Sicché, “essere il conoscere” significa questo, conoscere ciò che si può conoscere. I cinque impedimenti sono i vostri maestri, perché non sono i guru esaltanti e radiosi che si vedono sui libri. Possono essere alquanto volgari, meschini, sciocchi, irritanti e ossessionanti. E ci incalzano, ci punzecchiano, ci riducono a mal partito, finché non gli diamo l’attenzione e la comprensione dovute, finché non smettono di essere problemi. Ecco perché bisogna essere molto pazienti; dobbiamo avere tutta la pazienza del mondo, e l’umiltà di imparare dai nostri cinque maestri.
E che cosa impariamo? Che non sono altro che condizioni della mente, che sorgono e passano, che sono insoddisfacenti, impersonali. A volte si ricevono messaggi importanti nella vita. Tendiamo a dare credito a questi messaggi, ma ciò che possiamo sapere è che sono condizioni mutevoli: e se abbiamo la pazienza di tollerarle fino in fondo, le cose cambiano automaticamente, per conto loro, e noi abbiamo l’apertura e la chiarezza mentale per agire spontaneamente, invece di reagire alle condizioni.

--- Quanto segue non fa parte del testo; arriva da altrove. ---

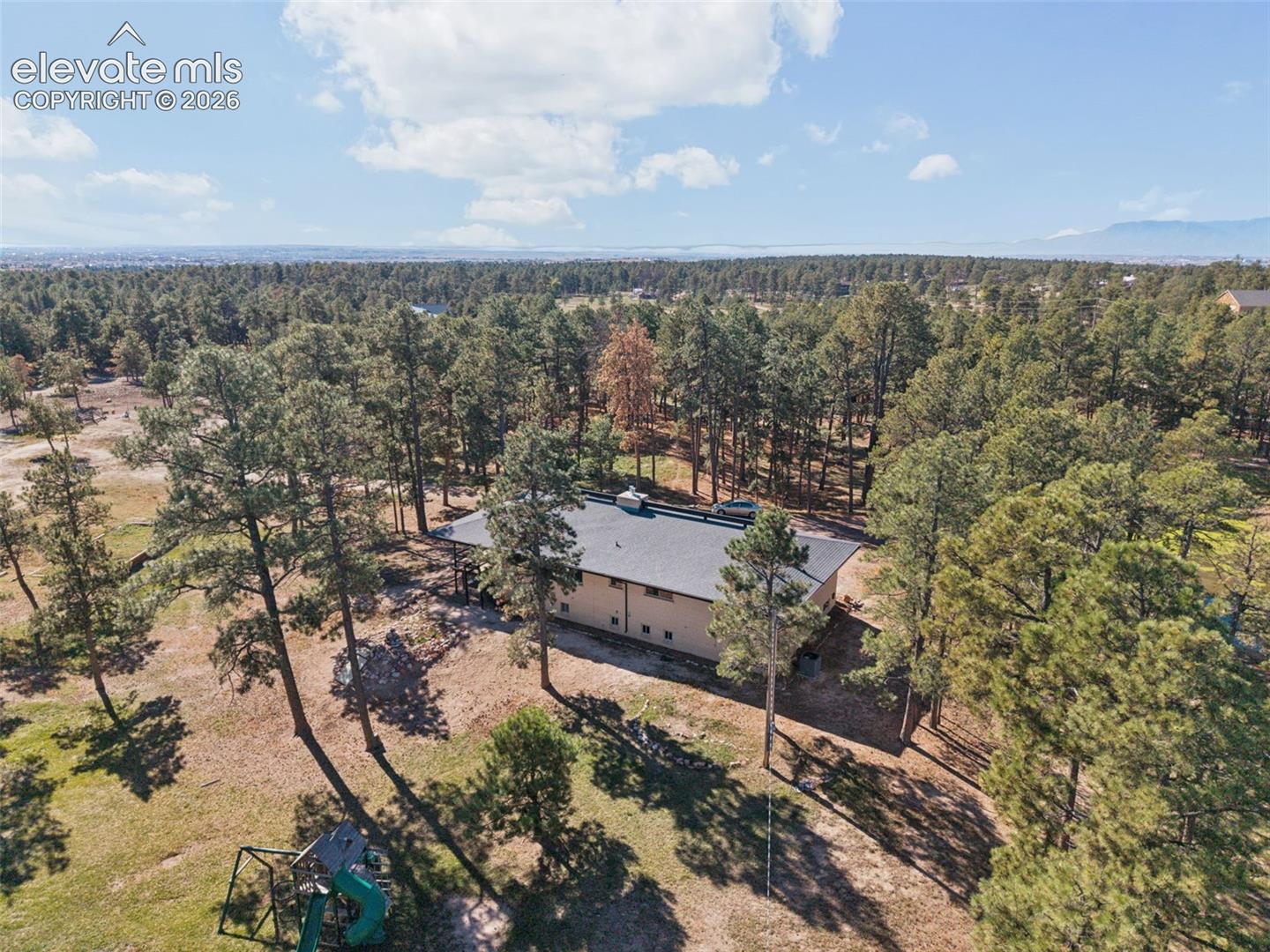 Aerial perspective of a single-story residence featuring a low-pitch roof, expansive natural lot, and mature pine tree coverage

Grazie alla nuda attenzione, alla consapevolezza, le cose fanno il loro corso, non c’è bisogno di sbarazzarsene, perché tutto ciò che ha principio, ha fine. Non c’è nulla da eliminare, bisogna solo essere pazienti e lasciare che tutto faccia il suo corso naturale verso la cessazione.
Quando siete pazienti, lasciando che le cose cessino, cominciate a conoscere la cessazione – il silenzio, il vuoto, la chiarezza: la mente è limpida, quieta, ed è vibrante, non cade nell’oblio, non è repressa o addormentata, e si può udire il silenzio della mente.
Consentire la cessazione significa essere molto gentili, molto delicati e pazienti, umili, senza schierarsi dalla parte di nulla: del bene, del male, del piacere o del dolore. L’accettazione gentile permette alle cose di cambiare secondo la propria natura, senza interferenze. Allora impariamo a distoglierci dal desiderio di immergerci negli oggetti dei sensi. Troviamo la pace nel vuoto della mente, nella sua chiarezza, nel suo silenzio.
[ Da: Ajahn Sumedho, “Oltre la morte: la via della consapevolezza“ ]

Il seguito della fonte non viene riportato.